Three weeks after a gunman killed 59 people at a concert in Las Vegas, many students have not internalized the deadliest shooting in recent U.S. history. Counselors are seeing more students coming in for general anxiety and depression, specifically in DACA and international students, rather than in direct correlation with the events in Las Vegas.
The bustle of campus life barely slowed down, if at all, after the shooting. In the following days and weeks, the Union was as crowded as ever at lunchtime. Students still sprawled out on the grass in Spaights Plaza, and life moved on at UW-Milwaukee. People continue to study and work almost without pause as midterms quickly approach. While horrific, the events of October 1 did not come as any surprise (and less than a month later, came another attack in Manhattan).
This is not to say people are not saddened or frightened, but the effects of a calamity such as this may not be as detrimental as one might expect. It does not mean people are inherently heartless. Unless they have a personal connection, they just do not expect it to happen to them.
Norris Health Center Counseling Director Paul Dupont does not think national tragedies such as the Las Vegas shooting directly hinder the mental health of students, unless there is an actual personal connection. Even now, the majority of students coming to Norris Health Center are mainly seeking help for general anxiety, stress and depression. Dupont believes this is caused by increasing pressure to balance a full school load with work, internships and extra-curricular activities. Students have begun to take on more responsibilities in order to secure a job after graduation that will pay off student loans.
“Our entire society is under more stress,” said Dupont, “and we’re seeing it in students.”

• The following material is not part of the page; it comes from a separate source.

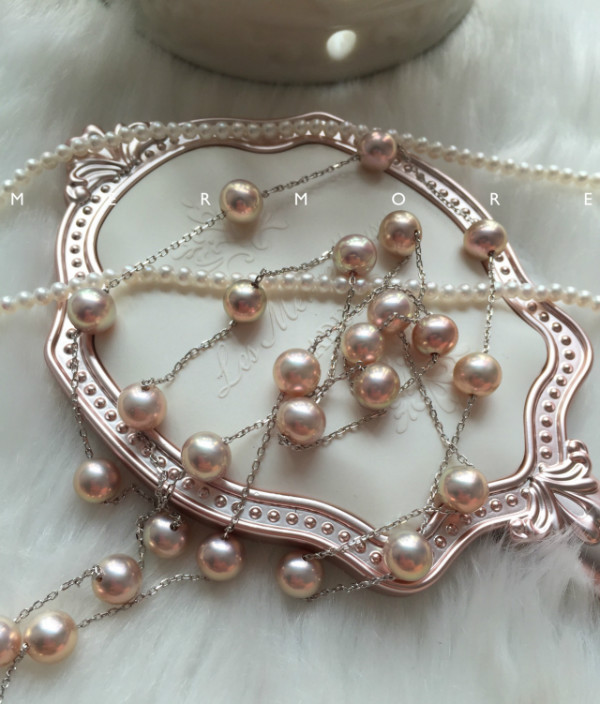 ★MERMORE★ Stratless ultra-Aurora metal glossy 7mm freshwater pearls full of star sweater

Dupont began working at UWM a month before 9/11. Afterwards, colleagues were unsure of what action to take and wondered if they should be talking to students in class about the attack. During counseling, Dupont says he noticed some clients make reference to it, but they did not dwell on it. Not wanting to overlook the possibility of students needing help, he began randomly interviewing students around campus. When asked if they experienced extreme stress from 9/11 and if in-class counseling would help, only one out of 20 said yes.
“Students tend to see themselves as pretty distant from these events,” said Dupont. “A small percentage is deeply affected by it because they have some sort of personal connection.”
According to Dupont, these sorts of national events elicit two reactions: small amounts of trepidation and uncertainty at the back of people’s minds, and stress or ongoing anxiety that hinders their lives.
Students may seem apathetic for not appearing distressed by these situations. However, this stoic response may be the result of a society where shootings have become a norm. Even for someone with a connection to other shootings, it is difficult to be shocked when history repeats itself.
Molly Hassler, a senior art and design major, was initially frightened when she heard about the Las Vegas shooting. As an LGBT student, she remembers being told that it was deadlier than the Pulse Nightclub shooting in Orlando last year.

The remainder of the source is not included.